- [Work instruction]
Your output should be the entries below, from the first line up to and including the line with "Lot of Reggie Leach cards", reproduced exactly and with no other lines.

- [Saved data entries]
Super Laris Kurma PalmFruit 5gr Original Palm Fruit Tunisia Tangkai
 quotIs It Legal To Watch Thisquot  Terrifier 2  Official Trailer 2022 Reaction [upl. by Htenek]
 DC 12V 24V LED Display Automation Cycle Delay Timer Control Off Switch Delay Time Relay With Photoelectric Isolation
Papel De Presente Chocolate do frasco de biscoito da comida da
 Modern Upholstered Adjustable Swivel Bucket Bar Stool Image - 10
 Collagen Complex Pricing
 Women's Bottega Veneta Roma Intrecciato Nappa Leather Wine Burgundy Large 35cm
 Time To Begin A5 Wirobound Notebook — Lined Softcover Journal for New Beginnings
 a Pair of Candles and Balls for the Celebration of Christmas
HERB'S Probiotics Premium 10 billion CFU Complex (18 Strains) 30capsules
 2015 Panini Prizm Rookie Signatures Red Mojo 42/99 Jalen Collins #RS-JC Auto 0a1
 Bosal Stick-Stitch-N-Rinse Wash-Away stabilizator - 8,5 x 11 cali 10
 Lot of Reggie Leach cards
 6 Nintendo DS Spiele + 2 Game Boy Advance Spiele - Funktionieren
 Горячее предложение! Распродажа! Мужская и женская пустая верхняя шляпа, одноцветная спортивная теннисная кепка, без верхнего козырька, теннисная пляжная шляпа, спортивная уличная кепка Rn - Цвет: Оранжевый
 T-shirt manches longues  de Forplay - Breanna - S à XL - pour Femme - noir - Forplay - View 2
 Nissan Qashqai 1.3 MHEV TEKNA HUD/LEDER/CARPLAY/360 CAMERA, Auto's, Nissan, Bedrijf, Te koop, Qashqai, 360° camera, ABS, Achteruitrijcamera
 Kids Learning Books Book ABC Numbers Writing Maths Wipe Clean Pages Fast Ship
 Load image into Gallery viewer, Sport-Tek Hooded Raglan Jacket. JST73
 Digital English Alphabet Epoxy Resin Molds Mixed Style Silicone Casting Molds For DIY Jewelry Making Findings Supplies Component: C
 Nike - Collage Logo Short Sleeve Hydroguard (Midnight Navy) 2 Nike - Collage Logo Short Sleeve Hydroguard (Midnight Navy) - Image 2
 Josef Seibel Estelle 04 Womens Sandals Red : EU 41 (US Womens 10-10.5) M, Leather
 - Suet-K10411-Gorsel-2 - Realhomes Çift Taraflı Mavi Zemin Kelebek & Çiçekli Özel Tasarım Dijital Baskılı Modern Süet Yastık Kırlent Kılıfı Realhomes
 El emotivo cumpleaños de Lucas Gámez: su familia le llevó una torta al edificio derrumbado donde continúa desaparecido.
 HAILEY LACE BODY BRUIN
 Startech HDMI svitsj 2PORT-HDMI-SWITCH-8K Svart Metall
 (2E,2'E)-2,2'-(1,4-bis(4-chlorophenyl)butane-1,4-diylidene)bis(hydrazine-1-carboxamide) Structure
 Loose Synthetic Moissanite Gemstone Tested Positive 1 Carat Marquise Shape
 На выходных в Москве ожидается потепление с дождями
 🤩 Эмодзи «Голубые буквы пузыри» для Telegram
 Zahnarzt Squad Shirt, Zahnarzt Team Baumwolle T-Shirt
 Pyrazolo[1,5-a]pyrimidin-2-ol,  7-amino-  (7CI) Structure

- [Solution for this task]
Super Laris Kurma PalmFruit 5gr Original Palm Fruit Tunisia Tangkai
 quotIs It Legal To Watch Thisquot  Terrifier 2  Official Trailer 2022 Reaction [upl. by Htenek]
 DC 12V 24V LED Display Automation Cycle Delay Timer Control Off Switch Delay Time Relay With Photoelectric Isolation
Papel De Presente Chocolate do frasco de biscoito da comida da
 Modern Upholstered Adjustable Swivel Bucket Bar Stool Image - 10
 Collagen Complex Pricing
 Women's Bottega Veneta Roma Intrecciato Nappa Leather Wine Burgundy Large 35cm
 Time To Begin A5 Wirobound Notebook — Lined Softcover Journal for New Beginnings
 a Pair of Candles and Balls for the Celebration of Christmas
HERB'S Probiotics Premium 10 billion CFU Complex (18 Strains) 30capsules
 2015 Panini Prizm Rookie Signatures Red Mojo 42/99 Jalen Collins #RS-JC Auto 0a1
 Bosal Stick-Stitch-N-Rinse Wash-Away stabilizator - 8,5 x 11 cali 10
 Lot of Reggie Leach cards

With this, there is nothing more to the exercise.